I'm not sure what you're using to interpret what they think about you... but I've found that quite a few girls are worse than guys when it comes to simply wanting to get laid. They'll put on a veneer of self-respect to appear to comply with our culture - but half of them will beat around the bush, trying to get you to 'take the lead'.... if you don't - they'll practically try and hold you hostage until they get what they want.
How should I be reacting cuz right now I'm seriously depressed n alone
Well, if you were in my neck of the woods, I'd extend an invitation to my circle of friends' "get ripped plan" - we get together to work out in the evenings on certain days of the week (being the military guy, I tend to be the lead/coach on this) and kind of spend the entirety of Sunday afternoon together with a group dinner (sometimes we eat out, other times we all bring stuff) followed up by a D&D game we have going (because we are nerds, after all).
Something like that wouldn't be a bad idea to try and set up with close friends you have, especially if you can find an environment that is friendly to your kid.

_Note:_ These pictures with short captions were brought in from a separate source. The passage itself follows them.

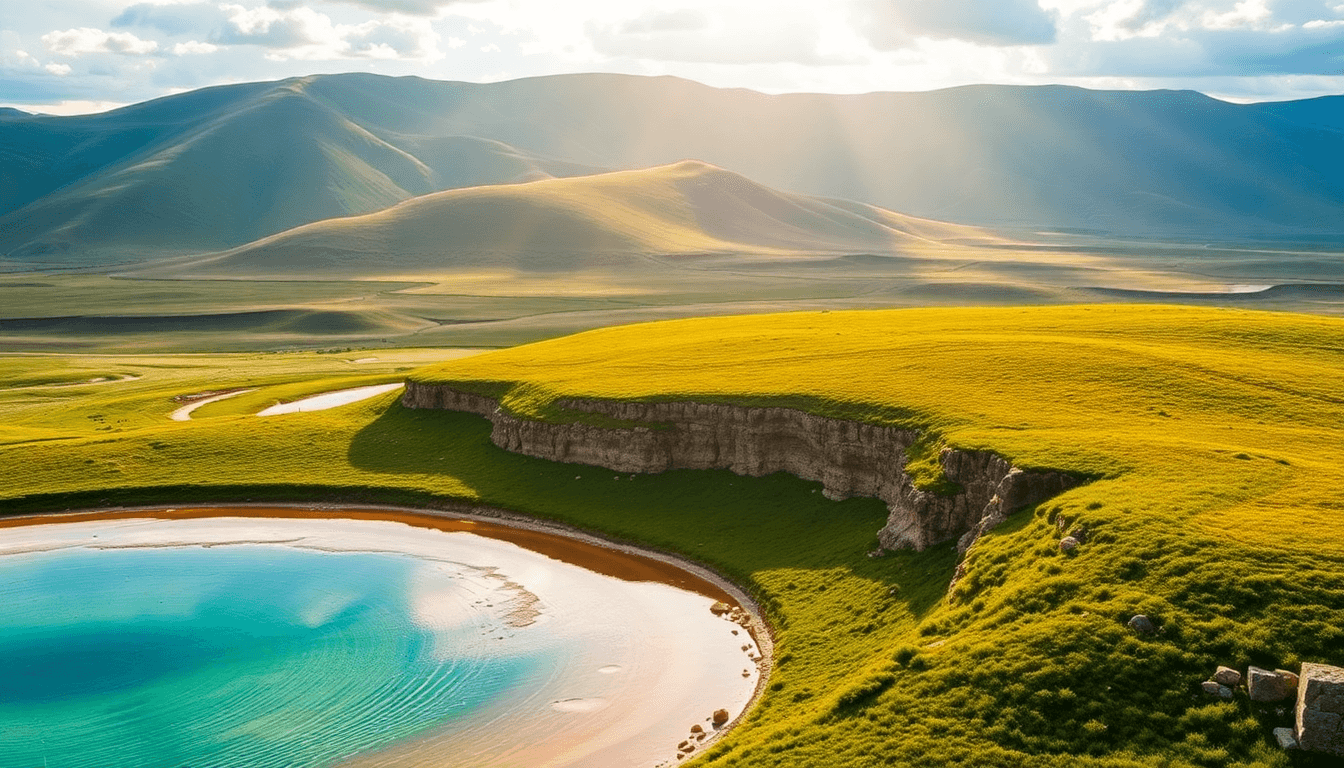 Explore Mongolia's Majestic Natural Wonders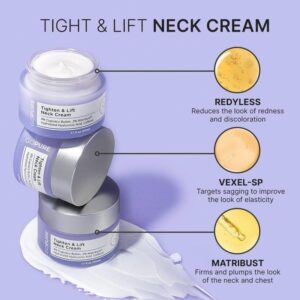 2024 HOT SALE – Tighten & Lift FirmingNeck Cream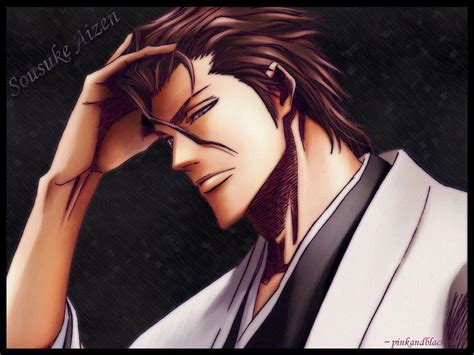 Aizen Wallpapers Wallpaper Cave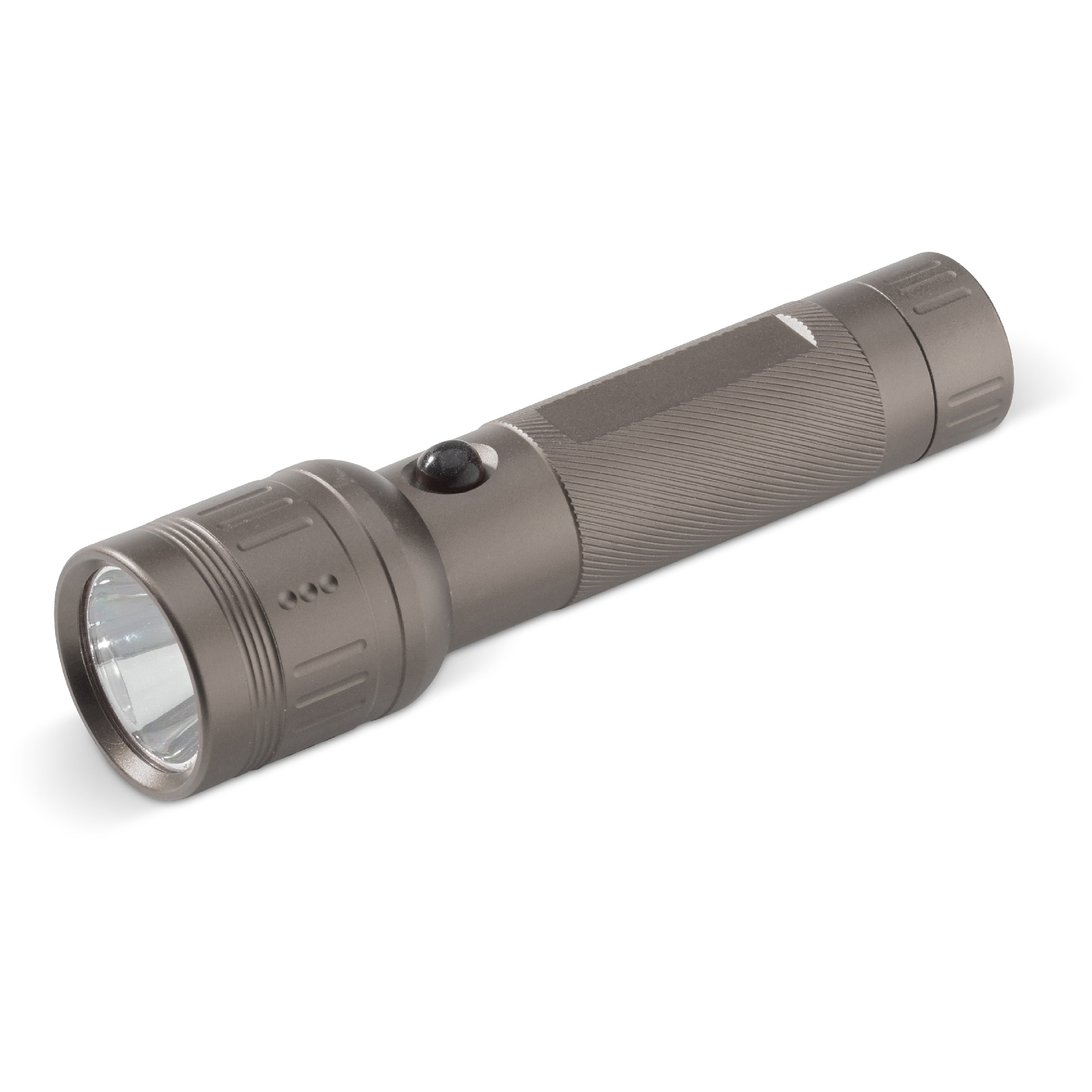 Abenteuer-Taschenlampe aus Aluminium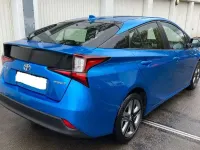 Gebraucht Toyota Prius Executive 122 PS (89 kW) 2020 Blau Kleinwagen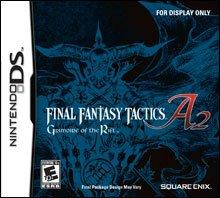 Final Fantasy Tactics A2 - Nintendo DS | Square Enix | GameStop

You may be wanting a female half - but sometimes that desire can be destructive to the end-goal, particularly if you come off as depressed/needy. Try to build up as healthy of a lifestyle as you can on your own and with the support of friends, that way you're not craving support (which is hard to find someone who is going to willingly come into your life and provide support with honestly good intentions).
One of the key things to keep in mind when it comes to relationships is that both people have to be capable of contributing to the relationship. Which may be kind of what's going on here... the girl coming into the relationship needs to feel like there is something for her there. She doesn't necessarily want to come in and play mommy to someone else's kid while propping up a guy. That's just the reality of it. She has to feel like there is a future for her to achieve some of her own goals within that relationship (which may very well be to have kids of her own - which is complicated by the one you currently have).
The best thing for you to do is to try and find or build up a group that can help support you without it being dependent upon a marital relationship.